Put up some posts on Facebook with lots of pictures of your horse, say who you bought her from and how you had lessons with her before bringing the horse home. Say how delighted you are... Lay it on thick. Remark how nice it was that she cared enough to visit after you moved..
In short.. Make her look like an asshole if she disses you.

Eta... If she turns up again, you can have it out with her face to face... But I doubt she will.


----------



## PapaverFollis (2 July 2019)

I'd stop texting back or just keep it very short and certainly don't offer or accept any more visits.   If you have a good relationship with your instructor ask them to be similarly off-hand if they get any questions about you from previous owner (they shouldn't really be discussing you anyway, unprofessional,  but people do I suppose). Remove from Facebook etc.

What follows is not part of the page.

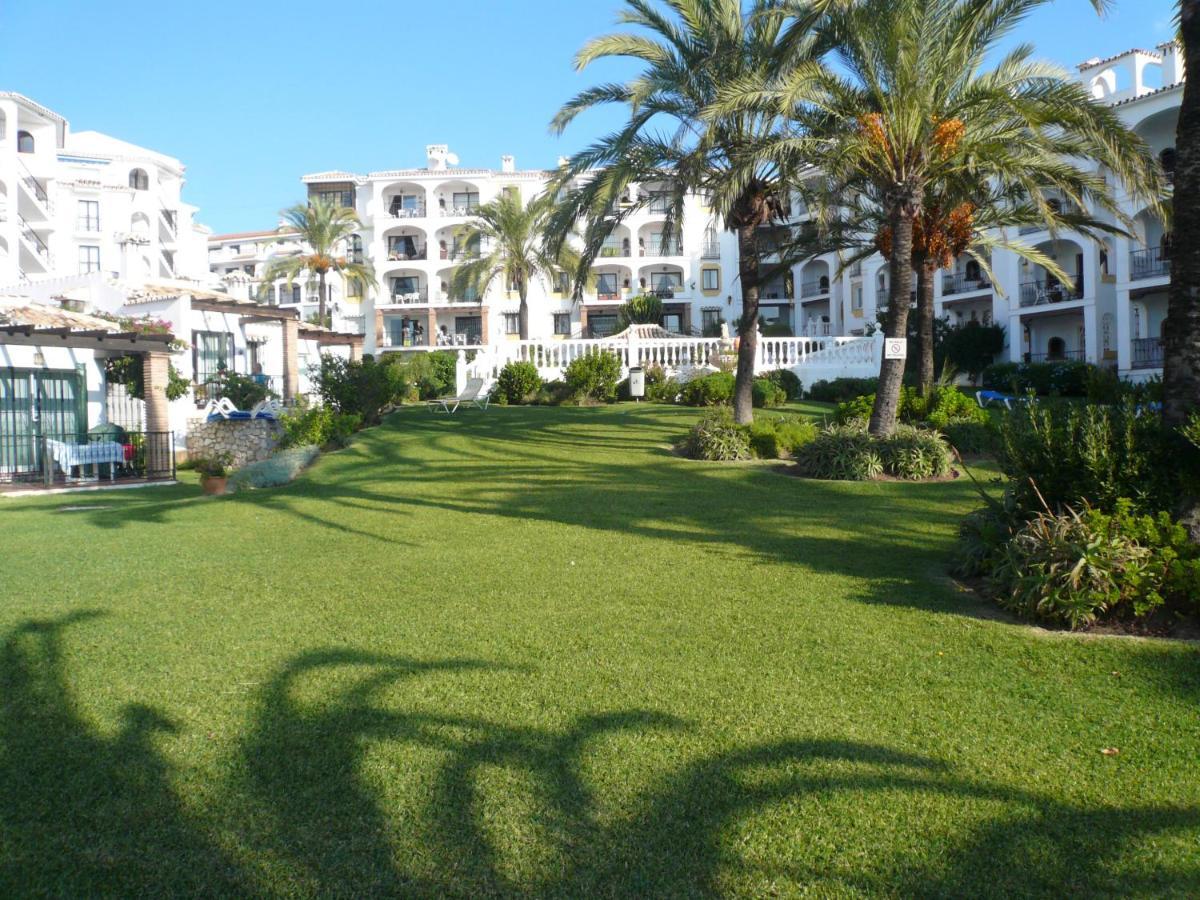 Laegenhet Med Fantastisk Utsikt In Riviera Del Sol Apartment Mijas Exterior foto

Eventually she'll get bored when she doesn't get a reaction.


----------



## claret09 (2 July 2019)

ignore


----------



## Desert_rider (3 July 2019)

Don't engage. Don't text back or respond on Facebook. Maybe even block her. She will soon get bored.


----------



## Red-1 (3 July 2019)

I would de-friend on Facebook. TBH, the person I bought my horse from could be dissing me left, right and centre - but I wouldn't know because I have never looked. 

They did say they wanted some contact, so I sent a couple of messages on messenger, last one was 6 months ago. I would be horrified if they just turned up without warning, and am not at all sure I would let them in!

TBH your seller doesn't sound very professional for a professional rider. 

As far as your trainer goes, if you are uncomfortable with the link, and can't ignore the old owners, then change trainers.


----------



## Goldenstar (3 July 2019)

Just completely disengage and ignore all of it .
Enjoy your horse .


----------



## MiJodsR2BlinkinTite (3 July 2019)

This woman actually sounds envious of you OP!! Probably because you're getting more from the horse than she ever did - and jealous little ferrets like this just can't handle that!!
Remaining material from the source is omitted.